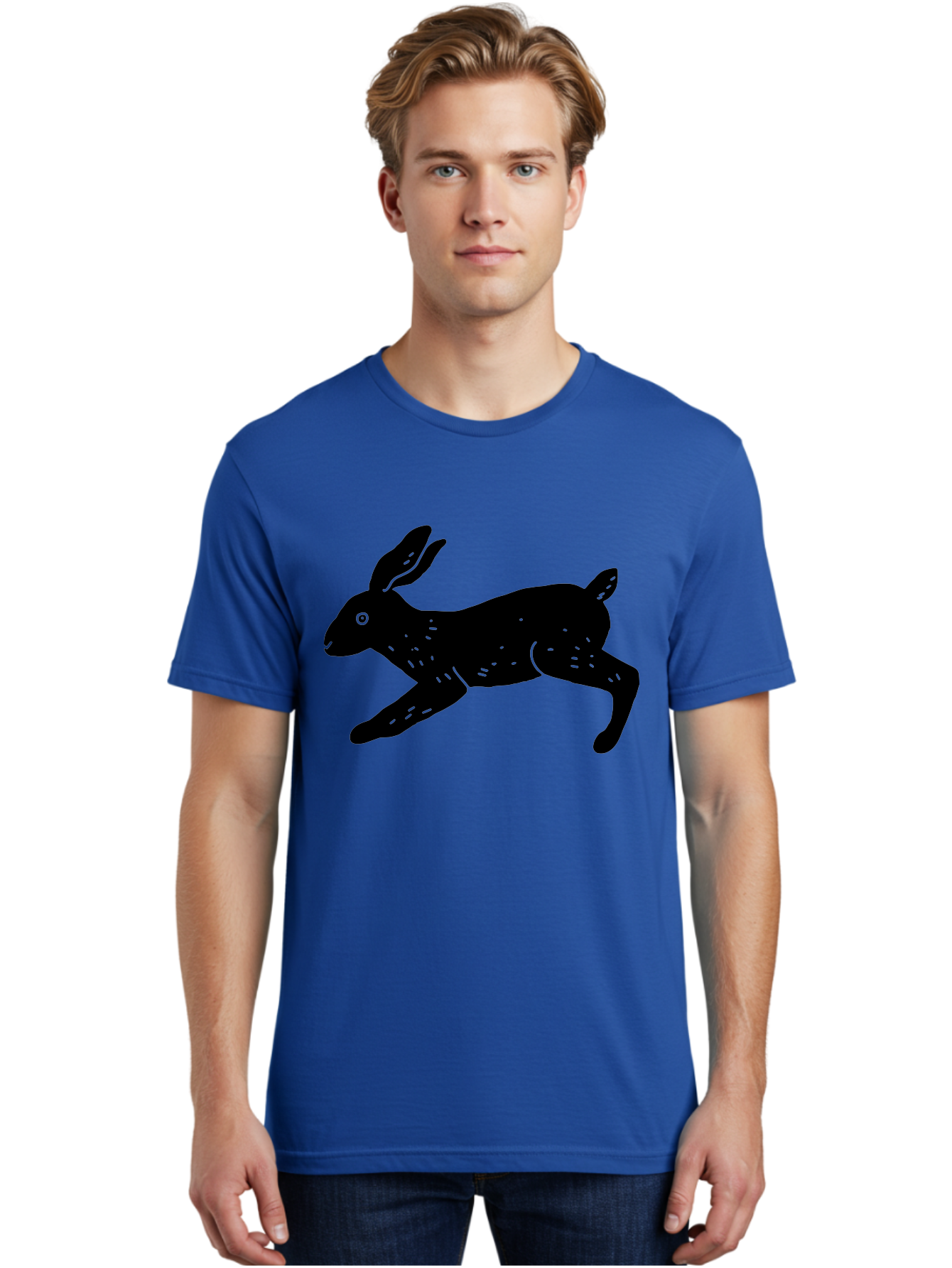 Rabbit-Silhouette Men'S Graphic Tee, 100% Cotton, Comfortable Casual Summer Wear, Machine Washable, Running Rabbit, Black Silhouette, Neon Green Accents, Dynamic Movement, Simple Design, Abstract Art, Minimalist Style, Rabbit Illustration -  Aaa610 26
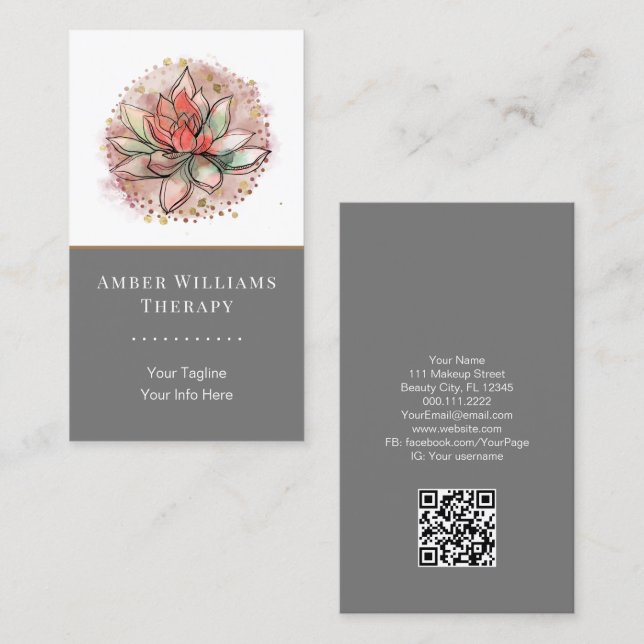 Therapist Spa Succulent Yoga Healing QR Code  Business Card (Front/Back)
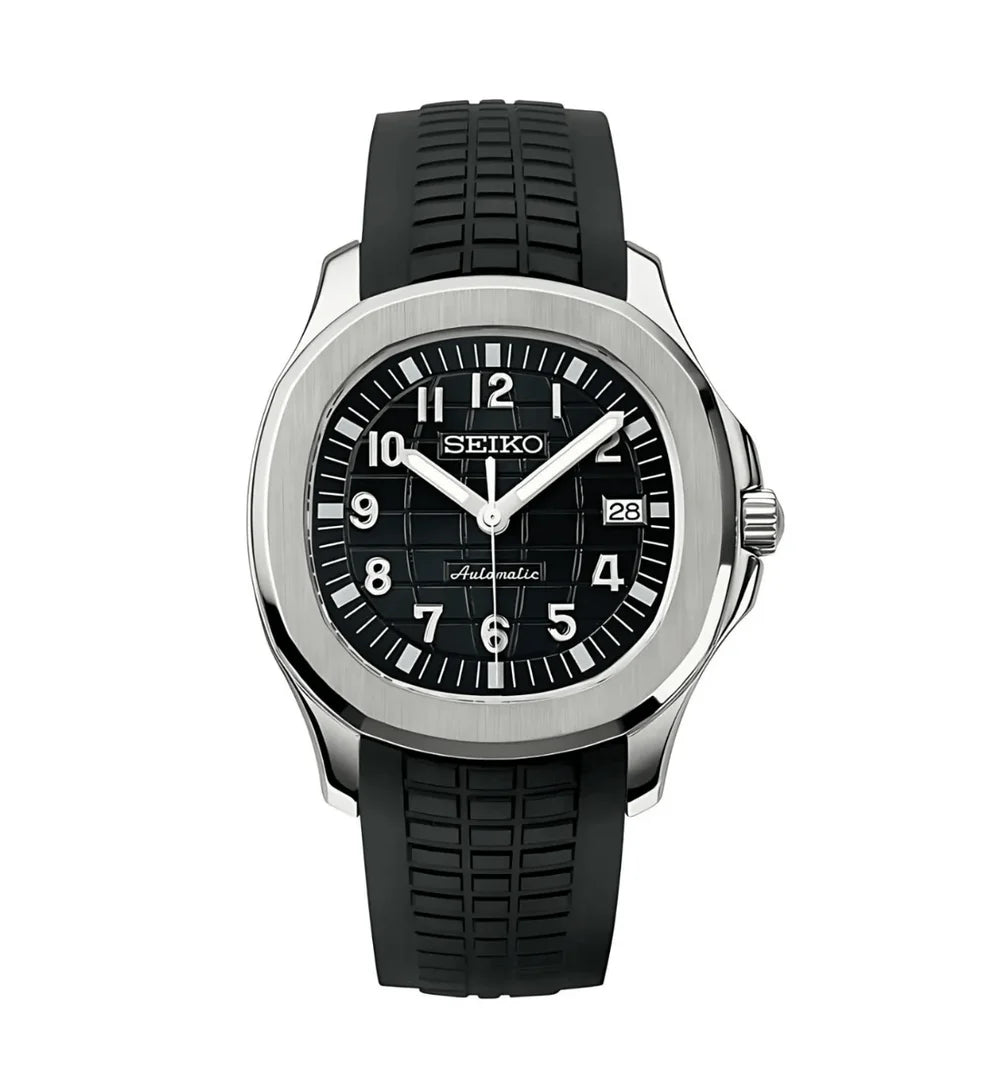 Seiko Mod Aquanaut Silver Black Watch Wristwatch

- _Work to be completed_: The copy must match every line of the data exactly and contain no pictures.

- _Exercise result_:
 Rabbit-Silhouette Men'S Graphic Tee, 100% Cotton, Comfortable Casual Summer Wear, Machine Washable, Running Rabbit, Black Silhouette, Neon Green Accents, Dynamic Movement, Simple Design, Abstract Art, Minimalist Style, Rabbit Illustration -  Aaa610 26
 Therapist Spa Succulent Yoga Healing QR Code  Business Card (Front/Back)
 Seiko Mod Aquanaut Silver Black Watch Wristwatch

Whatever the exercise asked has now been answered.